> **INSTRUCTIONS TO FOLLOW**
Would you transcribe the listing exactly as it stands, minus any images?

· · · ·

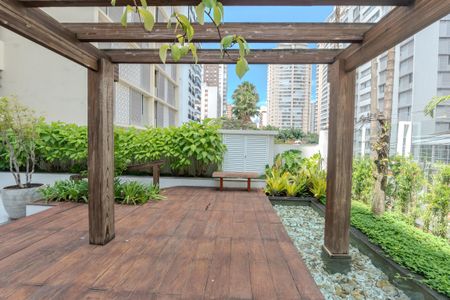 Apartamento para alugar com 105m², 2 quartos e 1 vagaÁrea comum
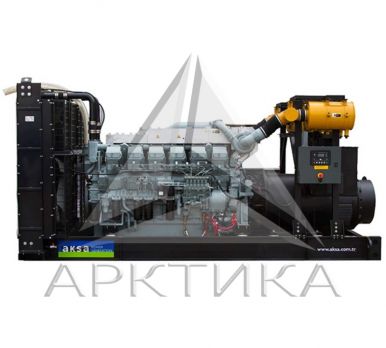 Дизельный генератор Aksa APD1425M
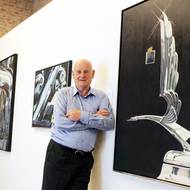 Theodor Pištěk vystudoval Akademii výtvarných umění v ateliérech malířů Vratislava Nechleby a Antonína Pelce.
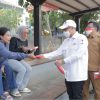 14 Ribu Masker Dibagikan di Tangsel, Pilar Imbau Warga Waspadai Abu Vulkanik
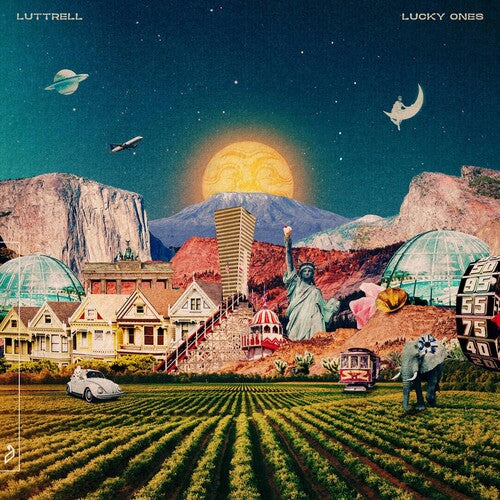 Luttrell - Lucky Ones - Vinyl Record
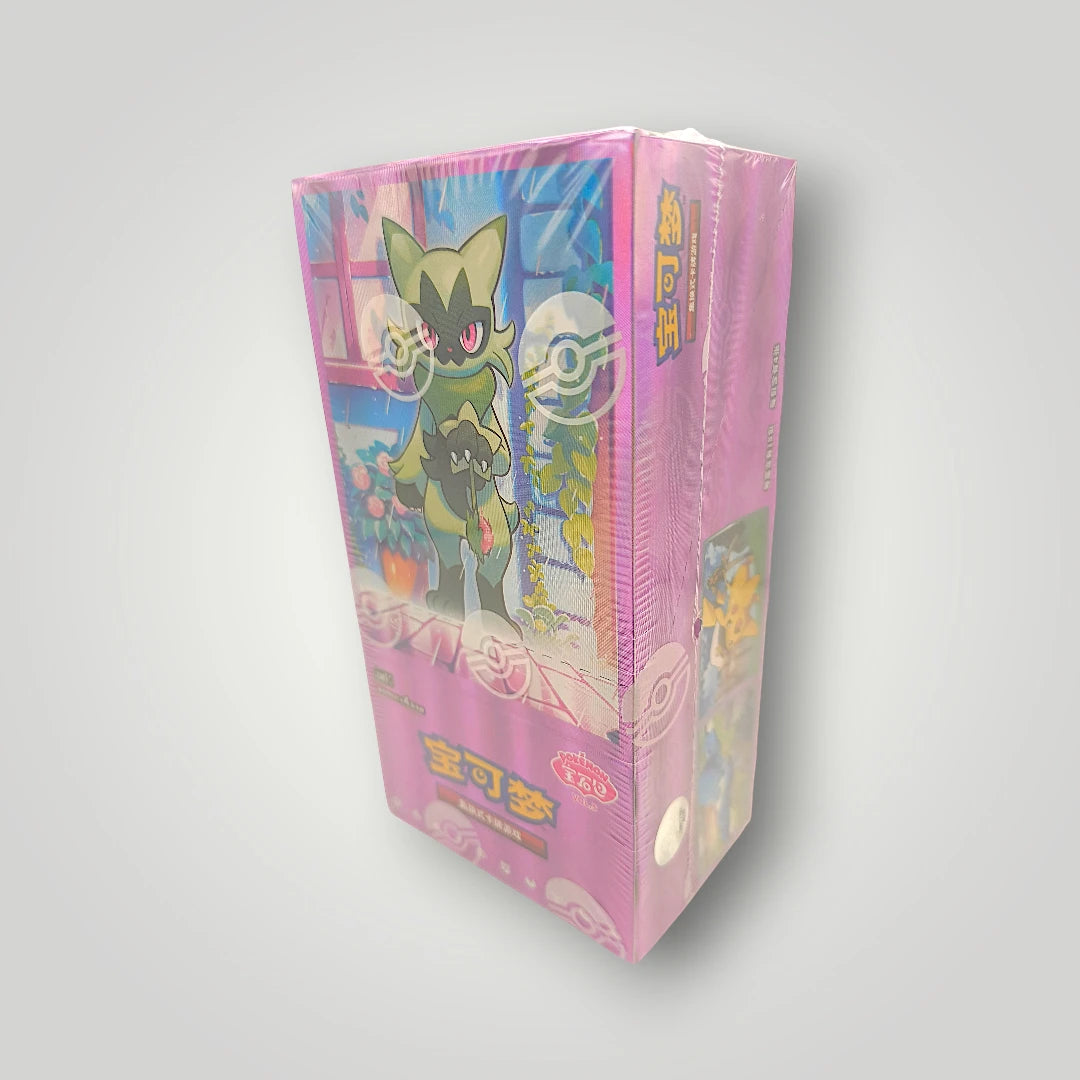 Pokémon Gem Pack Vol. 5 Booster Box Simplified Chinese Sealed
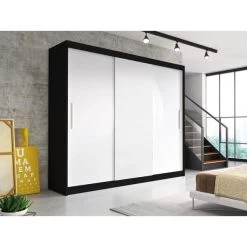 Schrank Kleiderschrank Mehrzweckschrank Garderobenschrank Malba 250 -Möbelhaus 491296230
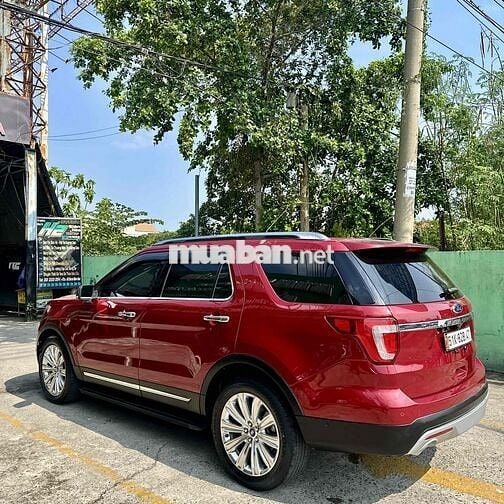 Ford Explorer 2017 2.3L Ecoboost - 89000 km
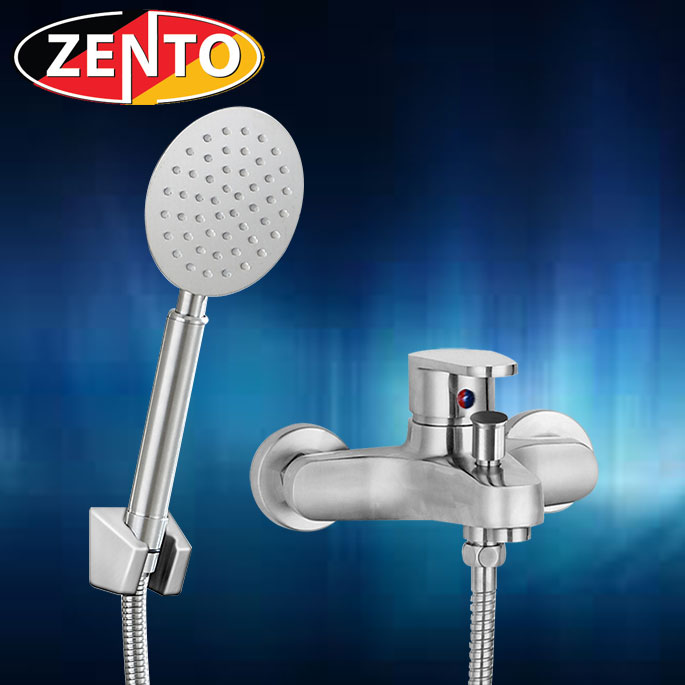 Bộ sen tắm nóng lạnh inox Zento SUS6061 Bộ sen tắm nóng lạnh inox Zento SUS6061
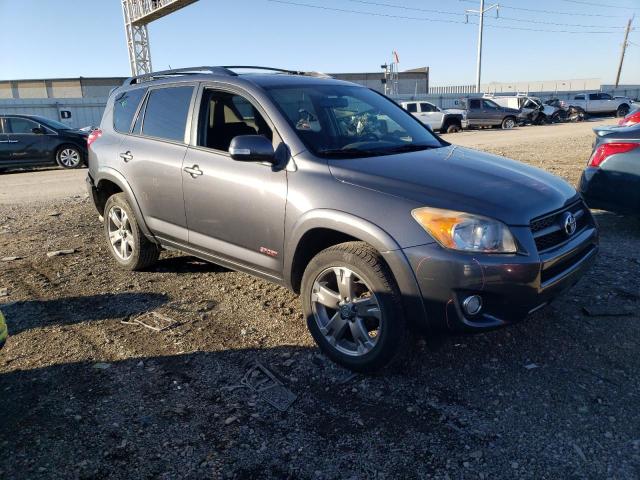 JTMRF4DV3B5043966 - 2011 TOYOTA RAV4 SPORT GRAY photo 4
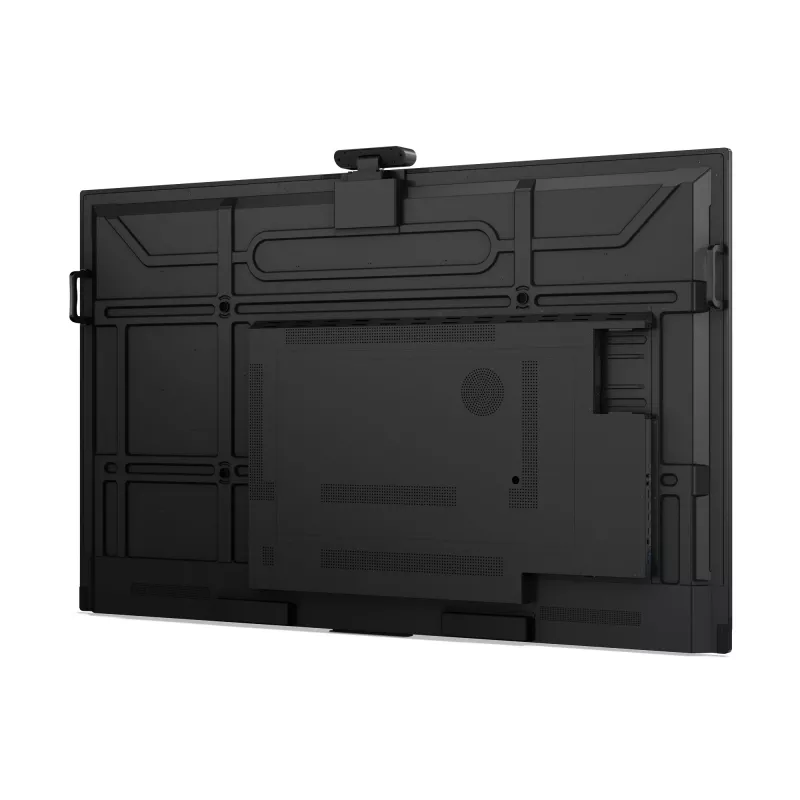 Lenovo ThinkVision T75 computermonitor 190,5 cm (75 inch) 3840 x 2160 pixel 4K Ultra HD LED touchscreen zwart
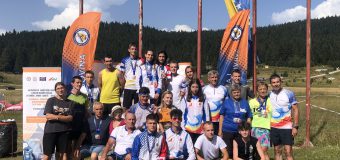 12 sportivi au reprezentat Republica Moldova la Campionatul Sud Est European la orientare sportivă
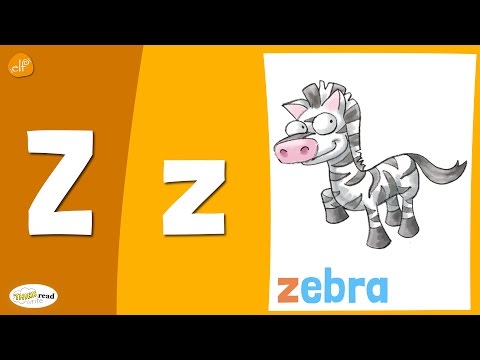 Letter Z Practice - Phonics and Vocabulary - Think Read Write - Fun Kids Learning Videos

· · · ·

> **OUTPUT FOR THIS EXERCISE**
 Apartamento para alugar com 105m², 2 quartos e 1 vagaÁrea comum
 Дизельный генератор Aksa APD1425M
 Theodor Pištěk vystudoval Akademii výtvarných umění v ateliérech malířů Vratislava Nechleby a Antonína Pelce.
 14 Ribu Masker Dibagikan di Tangsel, Pilar Imbau Warga Waspadai Abu Vulkanik
 Luttrell - Lucky Ones - Vinyl Record
 Pokémon Gem Pack Vol. 5 Booster Box Simplified Chinese Sealed
 Schrank Kleiderschrank Mehrzweckschrank Garderobenschrank Malba 250 -Möbelhaus 491296230
 Ford Explorer 2017 2.3L Ecoboost - 89000 km
 Bộ sen tắm nóng lạnh inox Zento SUS6061 Bộ sen tắm nóng lạnh inox Zento SUS6061
 JTMRF4DV3B5043966 - 2011 TOYOTA RAV4 SPORT GRAY photo 4
 Lenovo ThinkVision T75 computermonitor 190,5 cm (75 inch) 3840 x 2160 pixel 4K Ultra HD LED touchscreen zwart
 12 sportivi au reprezentat Republica Moldova la Campionatul Sud Est European la orientare sportivă
 Letter Z Practice - Phonics and Vocabulary - Think Read Write - Fun Kids Learning Videos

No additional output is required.